Ollama is an open-source framework that lets developers run large language models (LLMs) on their local machines. Ollama is designed to be easy to use and to work with any LLM that can be run in a Docker container. Supported models include llama3, llama2, mixtral and more. We use Apptainer to run Ollama on Polaris.
To install Ollama on Polaris, run the following command on a compute node:
qsub -I -A datascience -q debug -l select=1 -l walltime=01:00:00 -l filesystems=home:eagle -l singularity_fakeroot=true # Request an interactive session
module use /soft/spack/gcc/0.6.1/install/modulefiles/Core
module load apptainer
apptainer build --fakeroot ollama.simg ollama.def
The ollama.def file should contain the following:
Bootstrap: docker
From: ollama/ollama:latest
# ollama containers https://github.com/iportilla/ollama-lab
%post
# install miniconda
apt-get -y update && apt-get install -y wget bzip2
wget https://repo.anaconda.com/miniconda/Miniconda3-latest-Linux-x86_64.sh -O ~/miniconda.sh
bash ~/miniconda.sh -b -p /opt/conda
rm ~/miniconda.sh
export PATH="/opt/conda/bin:$PATH"
echo ". /opt/conda/etc/profile.d/conda.sh" >> ~/.bashrc
echo "conda activate" >> ~/.bashrc
# install pip
apt-get install -y python3-pip
# configure conda
conda config --add channels conda-forge
# install ollama
pip3 install ollama
# install numpy, matplotlib, pandas, rich, jupyter
conda install -c conda-forge numpy matplotlib pandas rich jupyterlab ipykernel
%environment
export PATH="/opt/conda/bin:$PATH"
. /opt/conda/etc/profile.d/conda.sh
conda activate
To run Ollama server on Polaris, you can use the following command:
apptainer instance run --env OLLAMA_MODELS="/eagle/argonne_tpc/model_weights/" -B /eagle/argonne_tpc/ -B $PWD --nv ollama.simg ollama
# apptainer instance list # Get the instance ID
# apptainer instance stop ollama # Stop the instance
:Note: You need to replace
/eagle/argonne_tpc/model_weights/
with the path to the directory containing the model weights you have access to.

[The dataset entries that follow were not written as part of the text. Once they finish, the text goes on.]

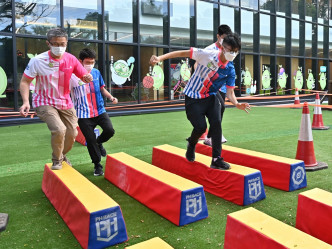 警务处处长萧泽颐（左一）与少年警讯会员进行障碍赛。政府新闻处图片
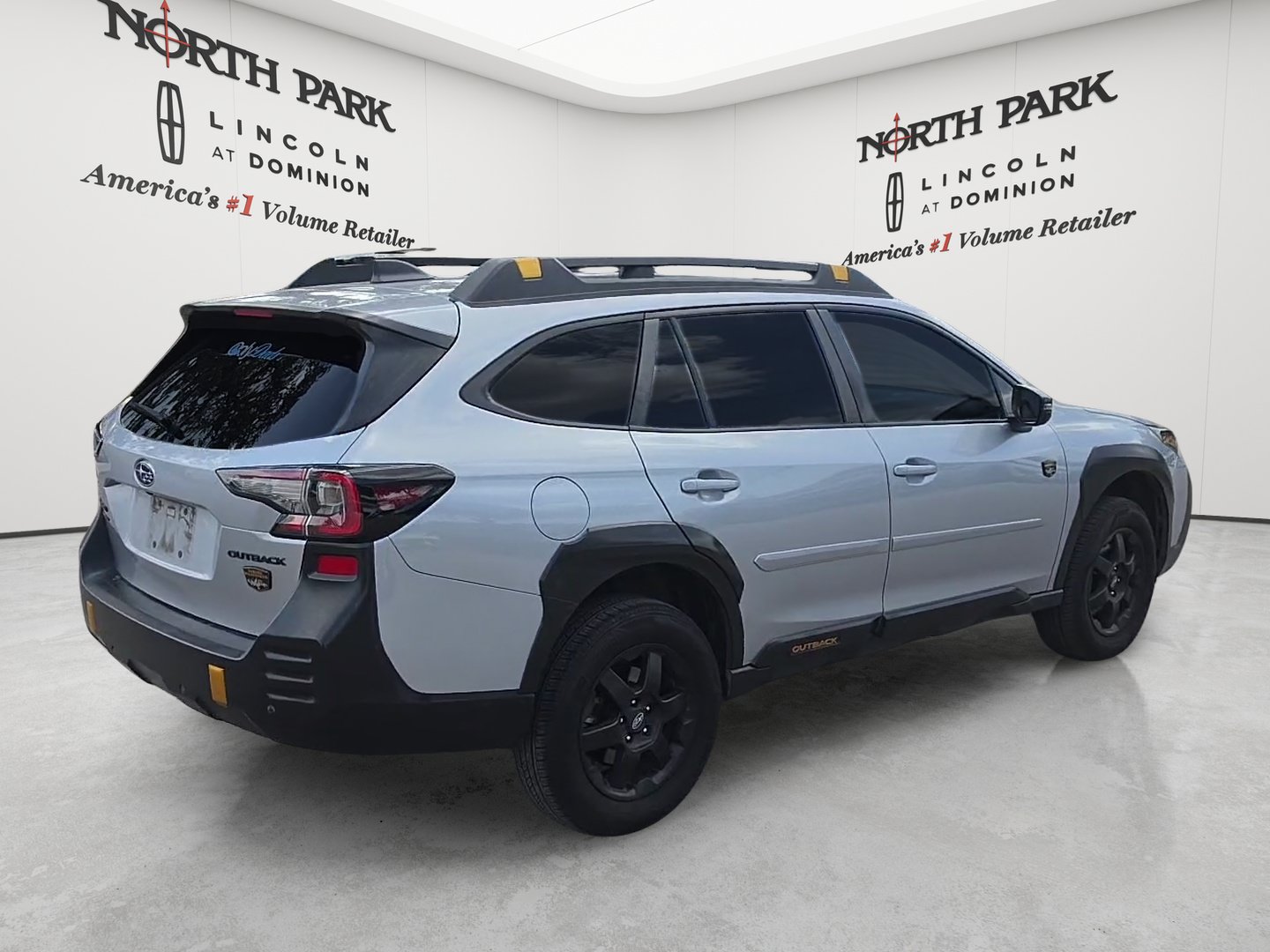 Used 2023 Subaru Outback Wilderness AWD/4WD image 5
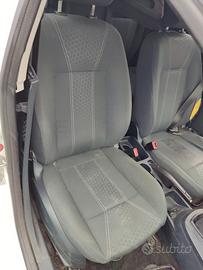Sedile anteriore dx FORD FIESTA del 2010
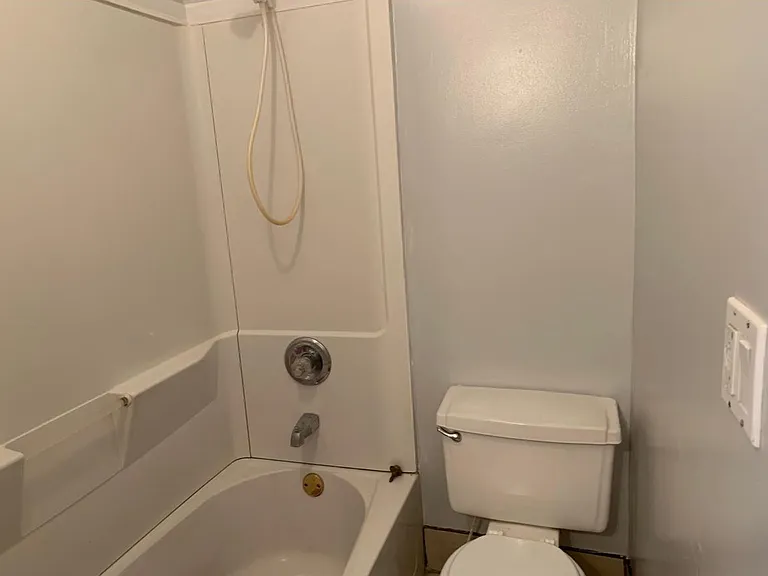 2243 Gilmore St #B — Photo 6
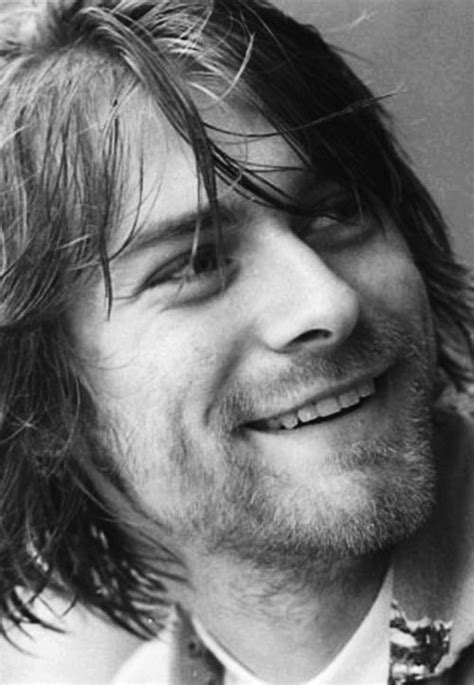 Kurt Cobain Smiling 22 Pictures Of Kurt Cobain Smiling In Honor Of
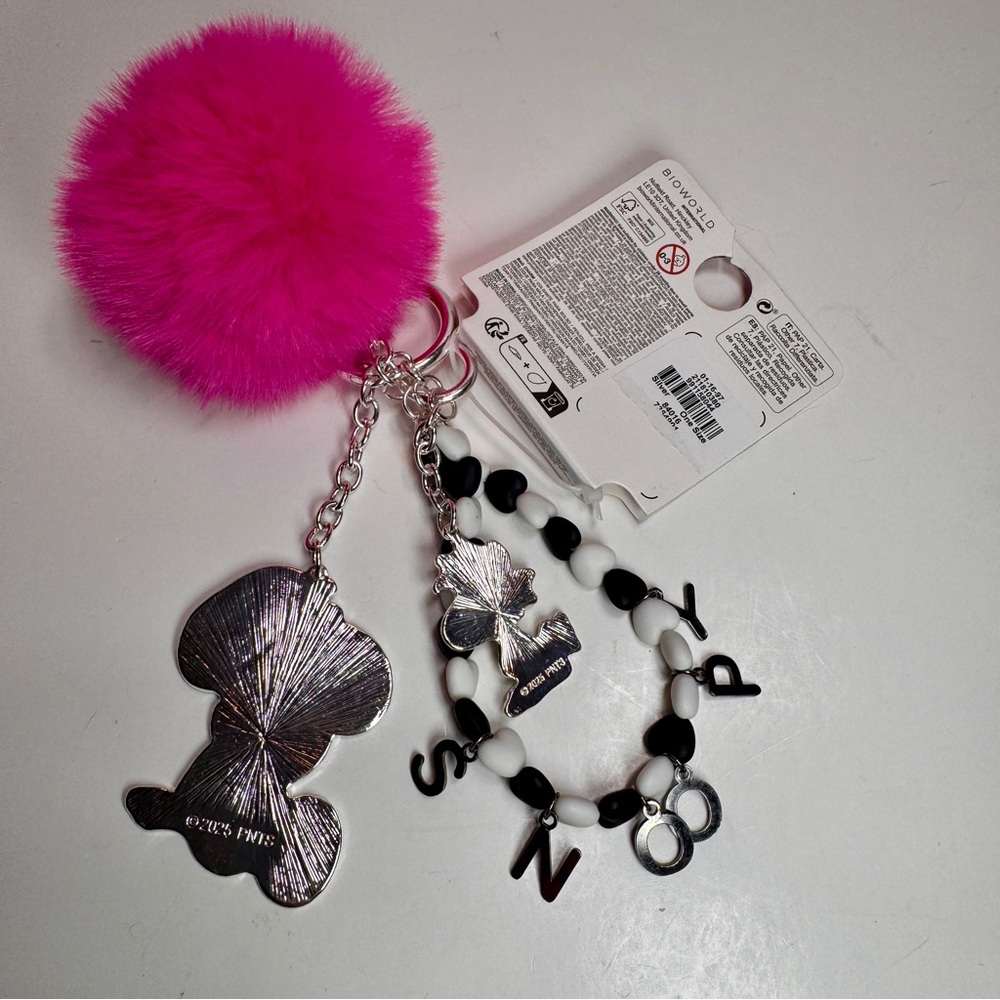 NWT Women's Peanuts Snoopy Bag Charm or Keychain from Primark. - Picture 8 of 11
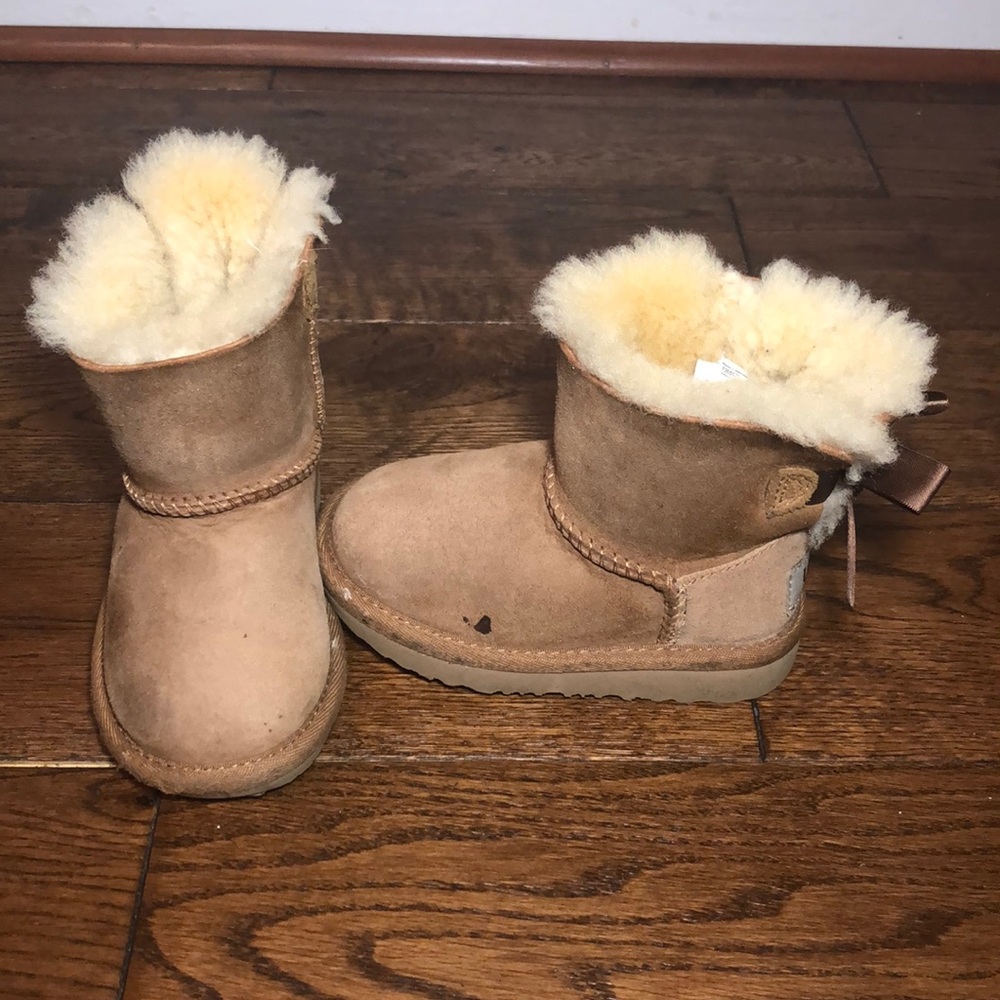 •SOLD• UGG AUSTRALIA TODDLER BAILEY BOW BOOTS - Picture 2 of 6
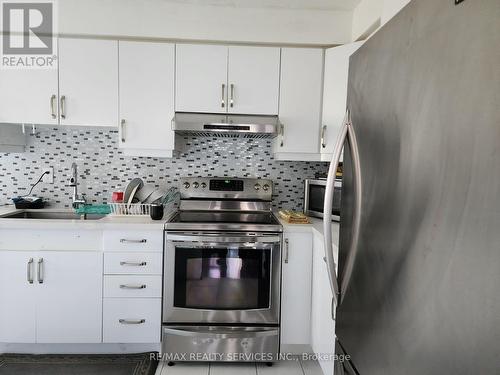 140 Wright Crescent, Ajax, ON - Indoor Photo Showing Kitchen With Upgraded Kitchen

After starting the server you need to set no_proxy variables to connect to the Ollama server on a different shell or run the previous script in the background. You can do this by running the following command:
export hostname=$(hostname) && export no_proxy=$hostname && export NO_PROXY=$hostname
To pull models, you can use the following command:
apptainer exec instance://ollama ollama pull llama3:70b # Pull the llama3 model with 70 billion parameters
# apptainer exec instance://ollama ollama pull mixtral:8x22b # Pull the mixtral model with 8 layers and 22 billion parameters
To run inference on the models, you can use the following command:
Using curl:
curl -X POST http://localhost:11434/api/generate -d '{
"model": "llama3:70b",
"prompt":"Why is the sky blue?"
}'
Using python:
apptainer exec instance://ollama python3 run_inference.py
For full list of commands to interact with the api, you can refer to the Ollama Github documentation.